Ellen Vandyck
Forschungsleiter
Verletzungen des muskuloskelettalen Systems führen zu Störungen des sensomotorischen Systems. Das sensomotorische System integriert afferente Informationen aus der Peripherie, die dann im sensomotorischen Kortex verarbeitet werden, woraufhin eine efferente (motorische) Aktion ausgeführt wird. Menschen, die Verletzungen des vorderen Kreuzbandes (VKB) erleiden, sind in erster Linie im Bereich der Kniestabilität betroffen, da das gerissene VKB ein entscheidender Hemmschuh gegen eine übermäßige tibiale anteriore Translation, Innenrotation und Knievalgus ist. Dabei wird die wichtige sensorische Funktion des VKB deutlicher. Afferente Informationen werden vom VKB an den sensomotorischen Kortex gesendet, wo sie mit anderen Reizen von sensorischen Systemen wie dem visuellen und vestibulären System integriert werden. Diese Integration ermöglicht die Planung und Ausführung einer motorischen Handlung. Eine der größten Frustrationen in der VKB-Forschung und Rehabilitation ist das hohe Risiko einer erneuten Verletzung. Es werden immer mehr Anstrengungen unternommen, um das Wie und Warum dieses hohen Risikos zu ergründen. Dieser Forschungsbericht beschreibt einen klinischen Kommentar, der von Vitharana et al. (2025), der darauf abzielt, das Wissen über sensomotorische Funktionsstörungen nach einer VKB-Verletzung zu erweitern.

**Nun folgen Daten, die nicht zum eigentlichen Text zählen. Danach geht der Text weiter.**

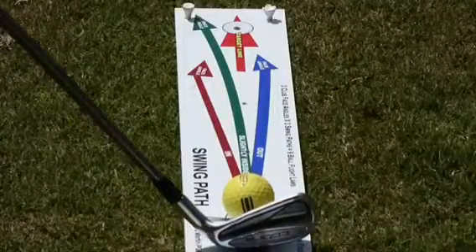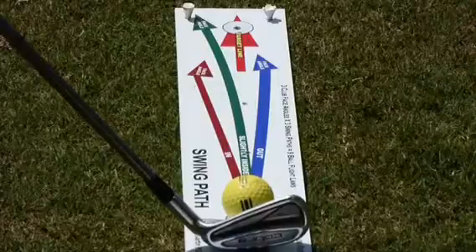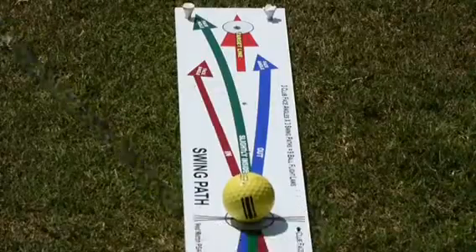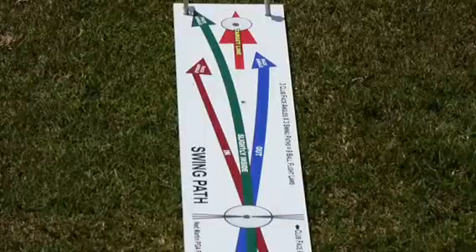Aiming to the left of the target because we're going to fade it back to the right. We're going to take the golf club outside and cut across it to make the ball spin from left to right.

Dieses Papier ist geschrieben als klinischer Kommentar der einen systematischen Ansatz zur Überprüfung der Literatur, um die klinische Praxis zu informieren. Es handelt sich jedoch nicht um eine formale systematische Übersichtsarbeit mit einer Meta-Analyse von Primärstudien, die strengeren statistischen und methodischen Kriterien unterliegt.
Die Autoren wollen zwei Schlüsselfragen beantworten:
Sie untersuchten die Veränderungen, die nach einer VKB-Verletzung in den afferenten (sensorischen) und efferenten (motorischen) Bahnen sowie in der zentralen Verarbeitungsebene auftreten. Ein Schwerpunkt ihrer Untersuchung war die Ermittlung von Beurteilungsmethoden, die für Therapeut/inn/en in der Praxis zugänglich sind, wobei die Grenzen von Spezialgeräten in typischen klinischen Umgebungen berücksichtigt wurden.

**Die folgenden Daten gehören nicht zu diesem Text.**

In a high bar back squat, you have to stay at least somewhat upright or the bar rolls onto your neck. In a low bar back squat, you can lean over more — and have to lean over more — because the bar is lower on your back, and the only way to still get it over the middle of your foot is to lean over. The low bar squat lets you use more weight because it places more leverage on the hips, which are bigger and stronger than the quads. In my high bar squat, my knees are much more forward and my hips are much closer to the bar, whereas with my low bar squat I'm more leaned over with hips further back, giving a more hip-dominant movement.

Ihre Überprüfung hat sich speziell mit folgenden Themen befasst:
Durch die Durchsicht von Studien zu diesen Bereichen versuchten die Autoren, das derzeitige Verständnis sensomotorischer Funktionsstörungen zusammenzufassen und praktische, evidenzbasierte Möglichkeiten für Therapeut/inn/en zur Beurteilung dieser Defizite zu identifizieren.
Die Arbeit bestätigt, dass nach einer VKB-Verletzung eine Funktionsstörung im sensomotorischen System weit verbreitet ist, die sich auf afferente Bahnen (somatosensorisches und visuelles System), efferente Bahnen und die zentrale Verarbeitung auswirkt.
Spezifisch:
Nach Durchsicht der Literatur kamen die Autoren zu dem Schluss, dass die Bewertung der Propriozeption, der Schmerzen, der Schwellung, des visuell-motorischen Vertrauens, der visuell-motorischen Verarbeitungsfähigkeit, der Muskelkraft und der willentlichen Aktivierung die wichtigsten praktischen Möglichkeiten zur Objektivierung des Ausmaßes der sensomotorischen Funktionsstörung nach einer VKB-Verletzung darstellen.
Der klinische Kommentar beschreibt dann die Einzelheiten, wie diese Bewertungen durchzuführen sind:
Für somatosensorische Beurteilunglegt das Papier den Schwerpunkt auf Propriozeption, Schmerzen und Erguss.
Propriozeption umfasst den Sinn für die Position des Gelenks, die Kinästhesie, den Sinn für die Geschwindigkeit der Bewegung und den Kraftsinn. Da für die drei letztgenannten Tests spezielle Geräte erforderlich sind, empfiehlt der klinische Kommentar den Gelenk Position Sense Test für den Einsatz in der klinischen Praxis.
SCHMERZEN
Die Autoren empfehlen die Verwendung der Numerischen Schmerzbewertungsskala (NPRS) oder der Visuellen Analogskala (VAS). Für muskuloskelettale und chronische Schmerzen werden Veränderungen von 1,4 cm bis 2 cm empfohlen. Es wird empfohlen, die Schmerzen in jeder Sitzung zu beurteilen, bis sie abgeklungen sind.
Erguss
Der Sweep-Test und der Ballottement-Test sind zur Beurteilung der Menge des Ergusses im Bereich des Kniegelenks durchzuführen. Die Autoren wiesen darauf hin, dass der Erguss wie die Schmerzen in jeder Sitzung beurteilt werden sollte, bis er abgeklungen ist.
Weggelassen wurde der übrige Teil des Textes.